I spent a few days photographing Mare Island — the decommissioned naval shipyard across the strait from Vallejo, where the Navy built and repaired ships for the better part of a century and then, in 1996, walked away. I came home with a couple of hundred frames across these visits, one with the Q3, the others with the Hasselblad, and then I did something I would have rolled my eyes at a year ago. I opened a chat window with an AI, uploaded the first picture, and asked it whether the image was ruin porn.

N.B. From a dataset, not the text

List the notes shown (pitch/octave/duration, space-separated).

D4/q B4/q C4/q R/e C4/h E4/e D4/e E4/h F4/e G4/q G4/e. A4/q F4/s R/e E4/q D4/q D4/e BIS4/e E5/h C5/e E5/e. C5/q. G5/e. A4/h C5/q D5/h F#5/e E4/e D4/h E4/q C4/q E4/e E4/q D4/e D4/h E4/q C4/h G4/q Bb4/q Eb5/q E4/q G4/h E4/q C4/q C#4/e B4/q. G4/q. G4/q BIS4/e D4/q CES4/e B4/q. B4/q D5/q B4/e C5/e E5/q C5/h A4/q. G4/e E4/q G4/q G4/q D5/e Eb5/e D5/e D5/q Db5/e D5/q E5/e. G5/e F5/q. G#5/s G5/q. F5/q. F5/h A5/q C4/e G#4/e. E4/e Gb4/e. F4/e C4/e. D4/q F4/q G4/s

That small act — a photographer asking a machine to judge a photograph — is exactly the kind of thing that's supposed to frighten us now: proof, we're told, that the generative AI is coming for the medium. I think the fear gets it backwards. These systems are pattern matchers. They generate by recombining what they've been fed, and what they're fed, overwhelmingly, is photographs. The model that supposedly threatens the medium is built entirely out of the medium; it cannot produce a convincing image of the world without first having been shown millions of real ones, made by people who went out and looked. That dependency is permanent — every new model needs new ground truth, and ground truth is exactly what a photographer standing in an actual place at an actual hour is the only one who can supply. So photography doesn't die. It becomes the thing the whole apparatus runs on. Which is why I think the anxiety is pointed at the wrong target and makes the entire argument kind of moot. The valuable use of AI isn't to make better photographs; it's to make better photographers. Used as a critique partner — a tireless, well-read, fallible digital mentor available at any hour the work keeps — it doesn't replace your eye, it sharpens it. The camera stays in your hands. The seeing stays yours. The machine just gives you something to argue with on the way to seeing better.

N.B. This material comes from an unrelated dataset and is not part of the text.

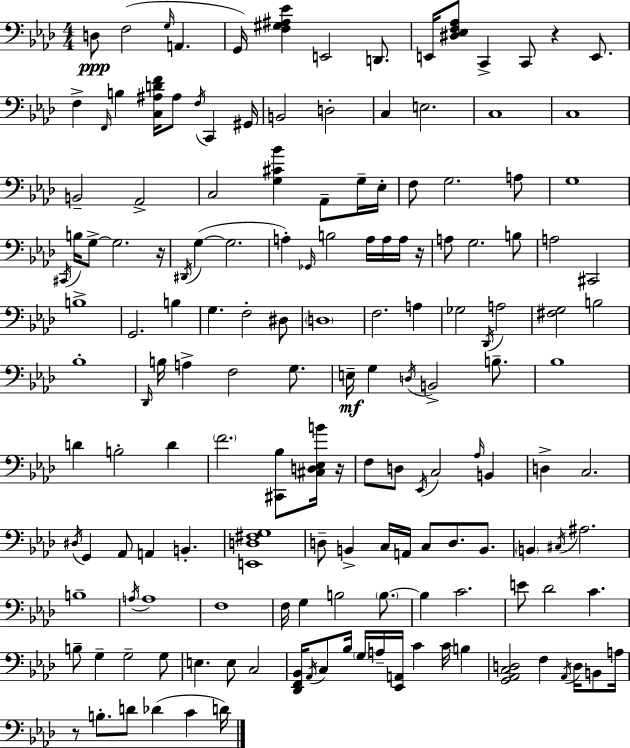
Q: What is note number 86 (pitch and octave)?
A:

None of this is to say AI can replace a good human mentor. I'm lucky enough to have one. But great mentors are rare and busy, and no matter how generous, they can't look at every mediocre frame you shoot — and most of what we shoot is mediocre. That's the gap the machine fills: not the considered judgment of someone who knows your work, but the tireless second opinion
This photo was rejected by Claude as a crowd-pleaser. I agree.

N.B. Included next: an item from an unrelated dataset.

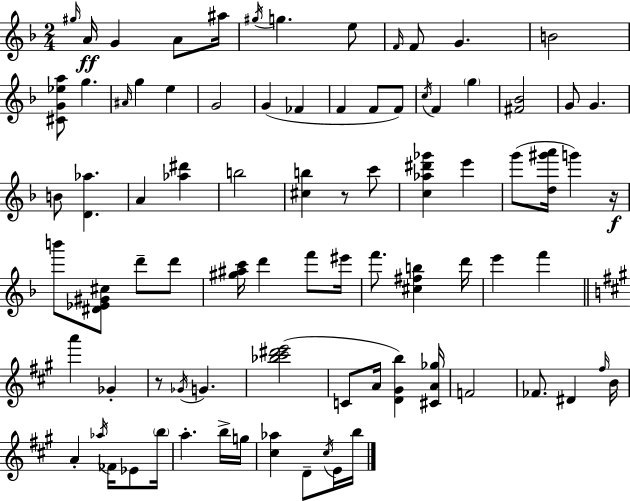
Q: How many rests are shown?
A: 3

What follows is not an advertisement. I am a skeptic by temperament and a documentary photographer by practice, and I distrust anything that arrives promising to make the work easier. I'm also a software engineer with more than twenty years of experience and two computer science degrees. Using a language model as a critique partner did not make the work easier. It made it harder, in the specific way a good critic makes it harder: by refusing to let a worry stay vague, by noticing what I'd rather not notice, and — this is the part nobody tells you — by being confidently, fluently wrong often enough that I had to stay awake. If you want a tool that confirms you are already good, this is not the essay for you, and that is not the tool. But as a mentor of a particular, limited, argumentative kind, it earned its place in my process. Here is what I learned about how to use it, and, just as important, how not to.
What it is genuinely good at
Start with the thing it does that a human critic, however gifted, struggles to do: it holds the whole body of work in its head at once.
When you show a friend a print, they see the print. When you show them twelve prints, they see twelve prints and a blur. The machine does not blur. I fed it images one at a time over a long session, and by the eighth or ninth it had started saying things no single-image reading could produce. It noticed that every time I found the strongest piece of content in a frame — a sign, a number, the evidence that the dead military yard was being succeeded by a distillery and a tourist promenade — I had shoved that content into a corner of the composition and given the center to empty asphalt. It put the point plainly: I was photographing the succession and framing the vacancy. That was true. It had been true for two years and nobody, including me, had said it out loud, because nobody had been looking at thirty of my frames in a single sitting with perfect recall.
One of my favorite frames from the shot. Claude agrees.
It did the same with form. It caught that I was oscillating between two ways of shooting — flat, frontal, catalogue-style elevations on one hand, and oblique, deep, threshold-and-foreground compositions on the other — and that I kept switching grammars without deciding which was the spine of the work. It noticed that an empty parking lot with painted lines had become a signature of mine, recurring frame after frame, and that the signature only worked when there was a building event above it worth the acreage. None of these are profound observations. They are the kind of thing a sharp editor says after living with your contact sheets for a month. The machine said them in an afternoon, because pattern detection across a large set of images and a long thread of text is exactly the kind of labor it is built for.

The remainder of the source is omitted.